A turpizm był drugim imieniem powieści!
Brzydota, deformacja, zniekształcenie oddane tak sugestywnie, sensorycznie, metaforycznie i zbliżeniowo, że treść i jego forma wzbudzały we mnie dysonans poznawczy od obrzydzenia po zachwyt. Z jednej strony poczwarność i larwalność przemiany bohaterów, powszechność wydzielin ciała ludzkiego, tworzących mieszaninę krwi, śliny, wymiocin, kału, moczu, smarków, łez, nad którą nieodłącznie unosił się smród i odór represji. Wszystko lepkie, śliskie, ciągnące się w mroku, szarości i trupim świetle. Zarówno na powierzchni, jak i w tunelach pod nią, pełne głodnych, istot, które mają skórę koloru rdzy i właśnie teraz wychodzą na żer. Z drugiej strony cudownie i precyzyjnie oddane gęstymi od pojęć, skojarzeń, porównań, alegorii zdaniami, przez których gęstość brnęłam z przyjemnością.

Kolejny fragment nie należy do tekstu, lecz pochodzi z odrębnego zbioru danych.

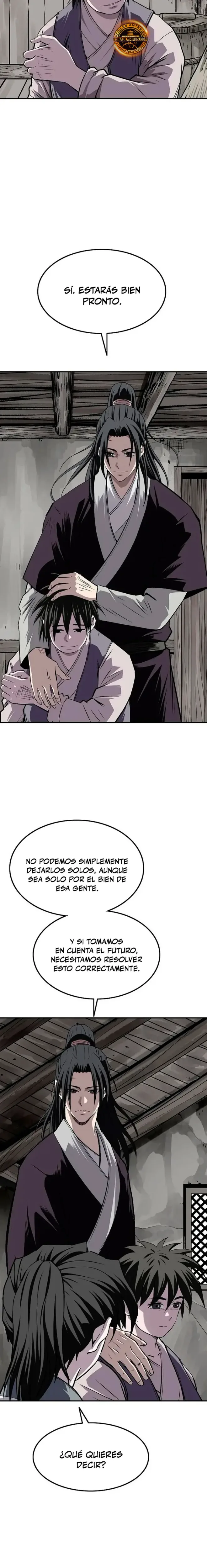 La Espada Suprema Demoníaca capítulo 47, página 10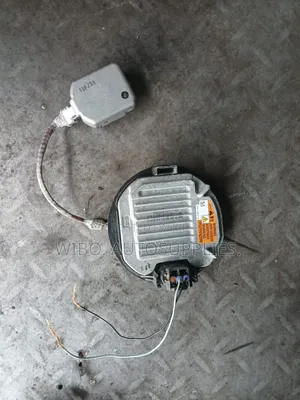 D4s Round Headlight Ballast.
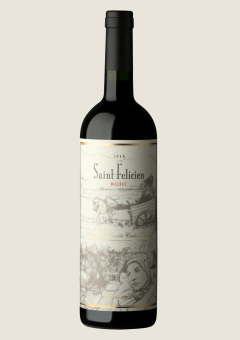 Saint Felicien Malbec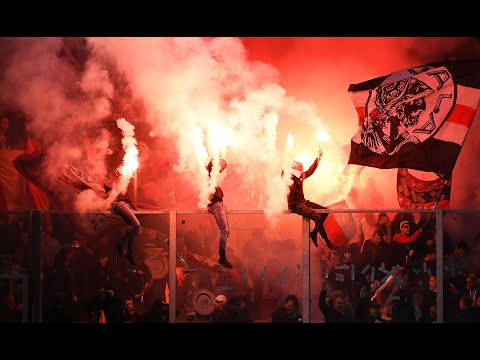 ai168 x harimau77 - Ultras Ajax Amsterdam - Momen Terbaik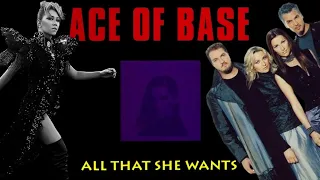 История песни "All that she wants" Ace of Base. Карина Кокс на "ШОУМАСКГООН"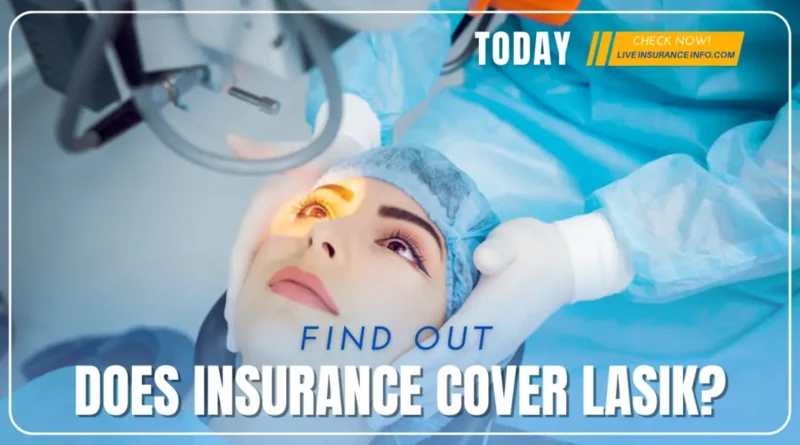 does insurance cover lasik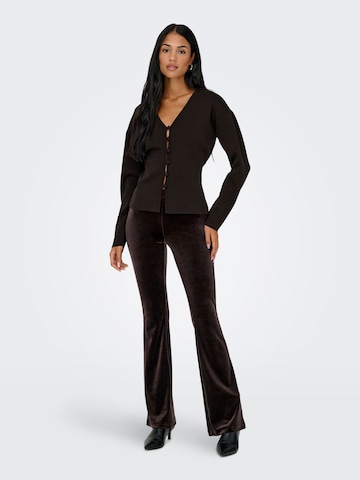 Cardigan 'JDYAstra' JDY en marron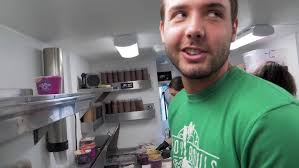 A HISTORIC DAY FOR A LOCAL ACAI BOWL FOOD TRUCK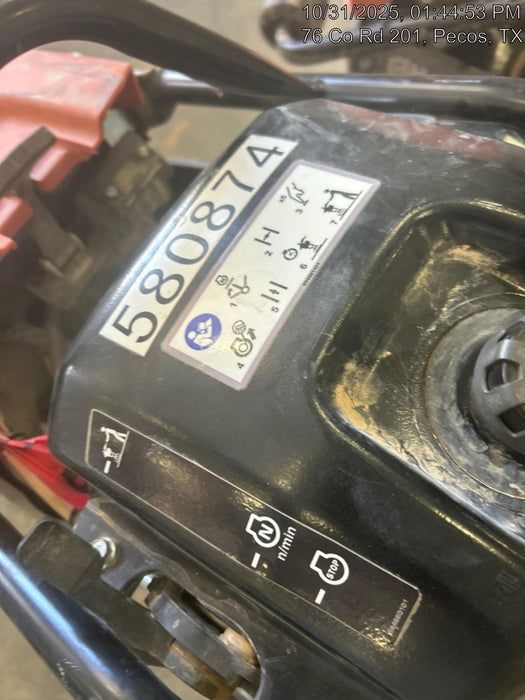 2025 HUSQVARNA LT6005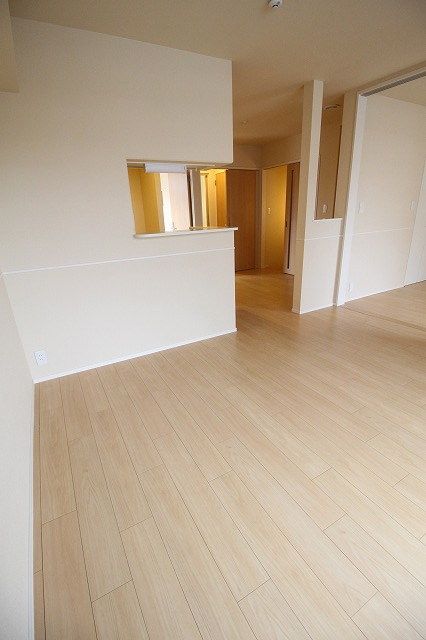 別物件、同タイプの間取りの写真です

Jedna, wielka, obrzydliwa i cudowna rozpierducha!
Jakimś cudem nie pogubiłam się w niej, nie utraciłam żadnego wątku (a jest ich bardzo dużo!), nie ugięłam się pod ciężarem bólu egzystencjalnego, nie straciłam oddechu w tym wciągającym w jądro ciemności wirze, a nawet dostrzegałam symboliczną postać starca pojawiającą się między bohaterami. Pytanie – sybmbolizującą co? Czas, którego nie szanujemy, a może śmierć, którą lekceważymy i wypieramy? Każdy musi sobie odpowiedzieć na to pytanie z miejsca Tam, i wiele innych stawianych w tej powieści, sam. Zachwyciłam się kunsztem opowieści o alergii młodych (śmiem twierdzić, że nie tylko) na ludzkość.
No tak, ale ja jestem fanką twórczości autora i mogę być w jej ocenie bardzo subiektywna.
Zdania pisane kursywą są cytatami pochodzącymi z książki.
Radio Armagedon – Jakub Żulczyk, Wydawnictwo Świat Książki, 2019, wydanie 2 zmienione przez autora, 541 stron, literatura polska.
Na podstawie powieści powstał spektakl teatralny.
Autorka: Maria Akida
Kategorie: Powieść społeczno-obyczajowa
Parycjo, to ta książka jest napisana dla ciebie! To świat brutalny, równoległy twoich rówieśników, a jednocześnie bliski, bo każdy kiedyś przeszedł fazę buntu. Tylko że tutaj jest on skrajny, ale jakiż cudowny w formie przekazu. Polecam!